In The Future APIs Will Be Default For All Cities
13 Sep 2014
Swagger is now Open API Definition Format (OADF) -- READ MORE
In 2014 we are making significant progress in deploying APIs in support of city operations, but we still have so much more work ahead of us when it comes to making public resources available. You can find a dedicated developer area full of data sets, and APIs, in most major US cities like New York, Chicago, San Francisco, Seattle, Philadelphia, Washington D.C. and many more, but what else can we do to really pick up the momentum and quality?
Standardizing API Design Practices
APIs are not that difficult to design with the right education, and experience. Developers who work on city contracts, or are employed by the city should all be taught common web API design practices, and be exposed to modern API design tooling like Swagger and Apiary. Even with this type of education, there will still be many differences between city deployments based upon needs, and tactics, but a little training could go a long way to make city operations more streamlined.
Open Solutions For API Deployment
There are a lot of common approaches to delivering city services, which means there should also a be a number of ways to provide standardized, open solutions for deploying APIs that support city operations. There should be a wealth of open source, Wordpress like solutions for deploying APIs in support of government operations. Sometimes connecting to legacy systems is just to much work, and deploying a simple, standalone solution, then syncing using data dumps or directly with backbend system might be more fruitful.
Common API Management Vision
I’m pretty impressed with the standard approach to deploying city developer areas, and delivering data sets, and APIs, but in reality this is the result of the hard work of Socrata, one of the API management providers dedicated to the government space. I think Socrata, and the other vendors out there are definitely one piece of the puzzle for managing APIs for city operations, but I also think we need other competing, open solutions similar to API Umbrella which is being used across the federal government.
Open Source Tooling Across Cities
When it comes to helping cities better serve their citizens, and save money along the way, I can’t think of a better place to start than by providing common, open source tools for delivering web, and mobile applications on top of city data and APIs. We have to stop re-inventing the wheel for each city when it comes to developing common apps, city needs are going to be very similar across cities--just take a look at solutions like Open311, and the let’s get to work on delivering similiar solutions for every part of city operations.

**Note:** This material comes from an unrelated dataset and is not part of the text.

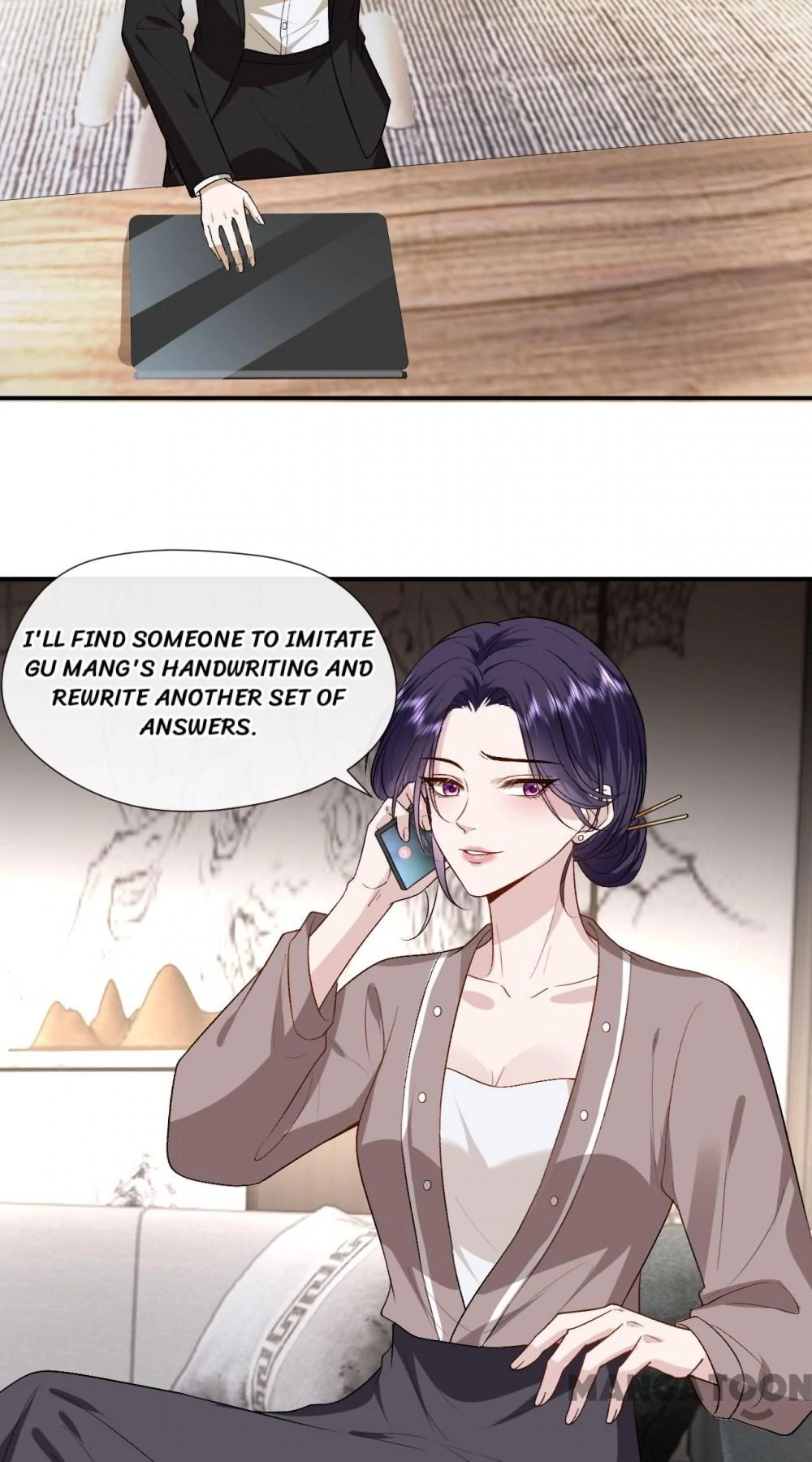 Madam and Her Daily Online Face-Slapping Chapter 122 - page 29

There is no reason each city should have to go at it alone when it comes to designing, deploying, managing, evangelizing, and putting APIs to work across city operations. We should have standard data models, API definitions, and a wealth of open source tools for cities to put to work.
I don't see APIs as the solution for all cities problems, but I do think that APIs should be common practice for ALL cities. Every city should be publishing all of their data and content in machine readable way, without causing employees any extra work—it should just be part of normal operations.
In the future, all cities will have standard APIs across all cities, and common open source solutions that can be put to work serving citizens in all aspects of city operations. This is how we are going to empower our cities to more with less, and make governing a more inclusive for everyone.